- Your goal -
Please retype the records below exactly, from the first line down to and including the line with "KORALHY Golf Skorts".

Extracted records:
-- Opening Marker --
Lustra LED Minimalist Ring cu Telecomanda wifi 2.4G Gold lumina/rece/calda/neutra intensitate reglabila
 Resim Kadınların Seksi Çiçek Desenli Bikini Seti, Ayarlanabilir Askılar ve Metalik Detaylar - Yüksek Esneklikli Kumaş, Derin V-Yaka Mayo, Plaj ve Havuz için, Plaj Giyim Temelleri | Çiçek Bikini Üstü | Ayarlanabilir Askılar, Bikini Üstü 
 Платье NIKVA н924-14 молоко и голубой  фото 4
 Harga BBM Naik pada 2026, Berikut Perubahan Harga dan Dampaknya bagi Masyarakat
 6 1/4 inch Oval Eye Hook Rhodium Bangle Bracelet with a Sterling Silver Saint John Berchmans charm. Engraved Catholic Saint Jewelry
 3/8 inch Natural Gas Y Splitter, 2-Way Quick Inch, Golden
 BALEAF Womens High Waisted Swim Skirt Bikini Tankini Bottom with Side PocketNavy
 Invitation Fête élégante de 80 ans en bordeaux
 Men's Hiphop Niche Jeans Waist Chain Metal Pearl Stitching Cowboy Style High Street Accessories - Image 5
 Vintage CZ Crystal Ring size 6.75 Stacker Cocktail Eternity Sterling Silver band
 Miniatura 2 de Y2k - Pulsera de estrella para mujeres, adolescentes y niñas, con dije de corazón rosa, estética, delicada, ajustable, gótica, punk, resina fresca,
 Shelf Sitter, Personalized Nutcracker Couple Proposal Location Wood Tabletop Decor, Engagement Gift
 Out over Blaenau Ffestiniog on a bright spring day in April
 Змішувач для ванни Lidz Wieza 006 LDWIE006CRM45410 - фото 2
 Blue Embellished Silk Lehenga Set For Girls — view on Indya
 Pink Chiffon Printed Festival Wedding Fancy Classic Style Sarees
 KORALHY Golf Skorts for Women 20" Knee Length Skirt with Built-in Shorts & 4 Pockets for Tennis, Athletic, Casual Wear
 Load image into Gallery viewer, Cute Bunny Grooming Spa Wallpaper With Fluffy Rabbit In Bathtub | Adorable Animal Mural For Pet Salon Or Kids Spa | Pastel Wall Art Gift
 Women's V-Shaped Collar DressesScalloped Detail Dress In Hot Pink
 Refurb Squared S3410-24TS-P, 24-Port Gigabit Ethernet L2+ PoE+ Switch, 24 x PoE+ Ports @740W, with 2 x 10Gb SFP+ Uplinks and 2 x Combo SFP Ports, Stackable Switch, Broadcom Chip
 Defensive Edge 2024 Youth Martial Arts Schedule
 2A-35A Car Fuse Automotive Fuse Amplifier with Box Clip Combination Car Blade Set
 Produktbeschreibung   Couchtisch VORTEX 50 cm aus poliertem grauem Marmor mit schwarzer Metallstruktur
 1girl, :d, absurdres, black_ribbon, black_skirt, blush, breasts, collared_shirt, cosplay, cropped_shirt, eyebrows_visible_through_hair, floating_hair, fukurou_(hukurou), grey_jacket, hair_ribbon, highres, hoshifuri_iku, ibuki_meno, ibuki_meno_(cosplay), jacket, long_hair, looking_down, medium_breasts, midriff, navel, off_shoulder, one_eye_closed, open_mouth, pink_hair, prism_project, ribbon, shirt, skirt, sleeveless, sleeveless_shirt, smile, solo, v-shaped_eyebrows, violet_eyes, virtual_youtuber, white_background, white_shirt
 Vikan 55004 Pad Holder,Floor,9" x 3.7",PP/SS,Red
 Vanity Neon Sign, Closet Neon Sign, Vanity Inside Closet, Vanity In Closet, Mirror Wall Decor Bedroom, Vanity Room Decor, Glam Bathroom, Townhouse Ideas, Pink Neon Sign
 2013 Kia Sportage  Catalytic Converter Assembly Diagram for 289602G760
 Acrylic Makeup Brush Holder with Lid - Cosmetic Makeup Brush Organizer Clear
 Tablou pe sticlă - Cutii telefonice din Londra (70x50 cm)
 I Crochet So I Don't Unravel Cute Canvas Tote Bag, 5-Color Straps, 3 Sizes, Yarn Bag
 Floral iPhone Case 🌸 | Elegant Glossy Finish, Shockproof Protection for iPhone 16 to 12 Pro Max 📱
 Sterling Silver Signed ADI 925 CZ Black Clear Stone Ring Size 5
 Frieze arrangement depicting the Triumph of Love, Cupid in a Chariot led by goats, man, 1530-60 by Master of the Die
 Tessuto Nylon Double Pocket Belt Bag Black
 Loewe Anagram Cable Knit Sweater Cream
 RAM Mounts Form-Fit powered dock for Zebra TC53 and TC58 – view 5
-- Closing Marker --
- Expected answer -
Lustra LED Minimalist Ring cu Telecomanda wifi 2.4G Gold lumina/rece/calda/neutra intensitate reglabila
 Resim Kadınların Seksi Çiçek Desenli Bikini Seti, Ayarlanabilir Askılar ve Metalik Detaylar - Yüksek Esneklikli Kumaş, Derin V-Yaka Mayo, Plaj ve Havuz için, Plaj Giyim Temelleri | Çiçek Bikini Üstü | Ayarlanabilir Askılar, Bikini Üstü 
 Платье NIKVA н924-14 молоко и голубой  фото 4
 Harga BBM Naik pada 2026, Berikut Perubahan Harga dan Dampaknya bagi Masyarakat
 6 1/4 inch Oval Eye Hook Rhodium Bangle Bracelet with a Sterling Silver Saint John Berchmans charm. Engraved Catholic Saint Jewelry
 3/8 inch Natural Gas Y Splitter, 2-Way Quick Inch, Golden
 BALEAF Womens High Waisted Swim Skirt Bikini Tankini Bottom with Side PocketNavy
 Invitation Fête élégante de 80 ans en bordeaux
 Men's Hiphop Niche Jeans Waist Chain Metal Pearl Stitching Cowboy Style High Street Accessories - Image 5
 Vintage CZ Crystal Ring size 6.75 Stacker Cocktail Eternity Sterling Silver band
 Miniatura 2 de Y2k - Pulsera de estrella para mujeres, adolescentes y niñas, con dije de corazón rosa, estética, delicada, ajustable, gótica, punk, resina fresca,
 Shelf Sitter, Personalized Nutcracker Couple Proposal Location Wood Tabletop Decor, Engagement Gift
 Out over Blaenau Ffestiniog on a bright spring day in April
 Змішувач для ванни Lidz Wieza 006 LDWIE006CRM45410 - фото 2
 Blue Embellished Silk Lehenga Set For Girls — view on Indya
 Pink Chiffon Printed Festival Wedding Fancy Classic Style Sarees
 KORALHY Golf Skorts for Women 20" Knee Length Skirt with Built-in Shorts & 4 Pockets for Tennis, Athletic, Casual Wear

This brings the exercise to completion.